Why Is Japan’s Exam-Bred Elite So Vulnerable to China’s Traps? — The True Nature of the Expo EV Bus Problem

The experience of entering Expo 2025 Osaka under severe heat, followed by the later revelations surrounding the EV buses, symbolizes the degeneration of Japan’s ruling class.
Starting from his own on-site experience, the author condemns the intellectual stagnation of exam-bred elites, dependence on China, and the complicity of the old media.
Through the chain of events surrounding the Expo, this essay lays bare a deep-seated disease within Japanese society.

I began visiting and photographing the Kansai Expo last year during the hot summer period, when day after day of clear skies meant ideal conditions for photography.
On one of my first few visits, I was left exposed for more than an hour at the entrance gate under the blazing heat of extreme midsummer.
I joined the Expo late, but I purchased an annual pass.

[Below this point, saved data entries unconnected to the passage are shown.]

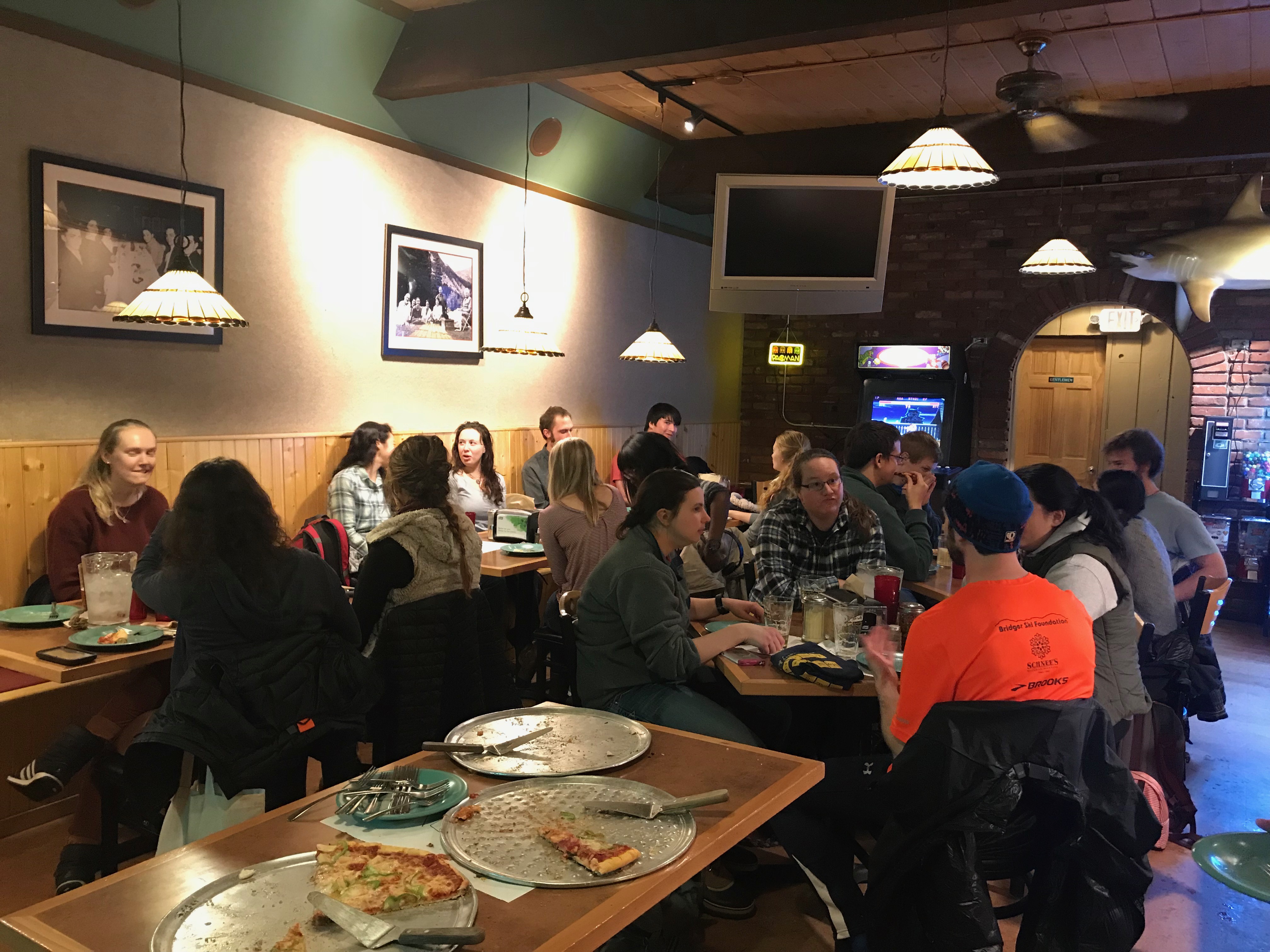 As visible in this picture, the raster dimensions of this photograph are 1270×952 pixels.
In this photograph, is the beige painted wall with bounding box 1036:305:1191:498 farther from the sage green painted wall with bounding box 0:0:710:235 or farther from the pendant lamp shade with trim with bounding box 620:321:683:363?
the sage green painted wall with bounding box 0:0:710:235

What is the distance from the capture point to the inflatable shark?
23.2 ft

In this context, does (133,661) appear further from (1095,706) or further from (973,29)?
(973,29)

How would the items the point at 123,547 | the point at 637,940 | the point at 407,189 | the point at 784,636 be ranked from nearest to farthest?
the point at 637,940, the point at 784,636, the point at 123,547, the point at 407,189

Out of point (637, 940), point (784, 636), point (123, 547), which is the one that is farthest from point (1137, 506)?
point (123, 547)

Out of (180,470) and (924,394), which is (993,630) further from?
(924,394)

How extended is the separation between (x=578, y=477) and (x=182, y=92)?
98.9 inches

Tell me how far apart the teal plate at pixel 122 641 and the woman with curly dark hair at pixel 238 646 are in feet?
0.83

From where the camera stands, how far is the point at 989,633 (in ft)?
6.64

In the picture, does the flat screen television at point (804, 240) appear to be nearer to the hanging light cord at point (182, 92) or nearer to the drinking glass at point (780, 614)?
the hanging light cord at point (182, 92)

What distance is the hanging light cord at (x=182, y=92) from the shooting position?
4277mm

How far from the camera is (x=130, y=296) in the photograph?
4.24m

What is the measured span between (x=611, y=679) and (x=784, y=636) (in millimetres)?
595

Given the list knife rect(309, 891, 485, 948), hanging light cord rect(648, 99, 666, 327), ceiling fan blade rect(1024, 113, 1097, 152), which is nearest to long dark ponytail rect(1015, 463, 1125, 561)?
knife rect(309, 891, 485, 948)

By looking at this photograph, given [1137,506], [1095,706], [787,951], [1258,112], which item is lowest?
[787,951] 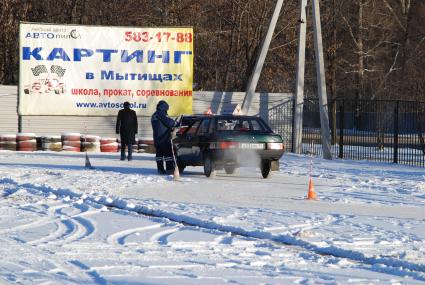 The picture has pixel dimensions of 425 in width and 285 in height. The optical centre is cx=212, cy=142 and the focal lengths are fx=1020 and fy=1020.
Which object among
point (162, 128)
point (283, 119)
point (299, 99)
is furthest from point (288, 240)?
point (283, 119)

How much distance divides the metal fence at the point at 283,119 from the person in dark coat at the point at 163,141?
1605 centimetres

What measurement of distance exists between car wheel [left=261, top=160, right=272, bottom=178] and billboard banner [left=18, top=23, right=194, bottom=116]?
15.5m

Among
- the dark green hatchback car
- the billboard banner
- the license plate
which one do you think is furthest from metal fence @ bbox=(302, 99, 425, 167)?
the license plate

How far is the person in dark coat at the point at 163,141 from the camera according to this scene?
24.9 meters

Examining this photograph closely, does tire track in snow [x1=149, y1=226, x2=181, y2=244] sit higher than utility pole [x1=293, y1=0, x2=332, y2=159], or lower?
lower

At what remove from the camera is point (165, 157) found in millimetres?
24891

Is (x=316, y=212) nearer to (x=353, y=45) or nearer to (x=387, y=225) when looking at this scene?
(x=387, y=225)

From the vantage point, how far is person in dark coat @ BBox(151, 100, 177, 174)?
24.9 metres

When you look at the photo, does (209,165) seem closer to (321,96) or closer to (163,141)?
(163,141)

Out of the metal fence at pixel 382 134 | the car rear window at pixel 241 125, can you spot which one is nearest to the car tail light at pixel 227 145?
the car rear window at pixel 241 125

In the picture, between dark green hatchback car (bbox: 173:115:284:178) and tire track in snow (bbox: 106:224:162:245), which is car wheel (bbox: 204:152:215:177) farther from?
tire track in snow (bbox: 106:224:162:245)

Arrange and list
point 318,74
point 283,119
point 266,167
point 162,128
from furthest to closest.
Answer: point 283,119 → point 318,74 → point 162,128 → point 266,167

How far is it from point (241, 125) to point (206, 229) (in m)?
10.6

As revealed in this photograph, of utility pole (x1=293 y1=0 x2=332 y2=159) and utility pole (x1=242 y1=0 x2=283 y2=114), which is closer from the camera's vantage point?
utility pole (x1=293 y1=0 x2=332 y2=159) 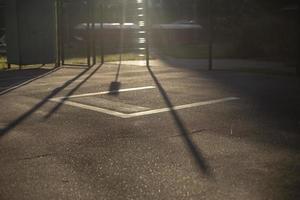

Until then, I had been able to enter as I was, but on that day I was suddenly told that my camera had to be inspected.
It was a one-hour line under the scorching sun in the midst of extreme heat.
Before even entering, I was already in a state close to heatstroke.
Without thinking, I raised what may be called a “Nobunaga-like roar.”
“If they had not wasted tens of billions of yen paying China to buy those worthless electric buses, this site is vast, and moreover, not all the gates are even being used.
They should at least be using all the gates they already have, but they seem short of personnel… Simply increasing staffing and hiring more people would itself expand domestic demand.
Pouring money into some dubious electric buses from China does nothing to expand domestic demand.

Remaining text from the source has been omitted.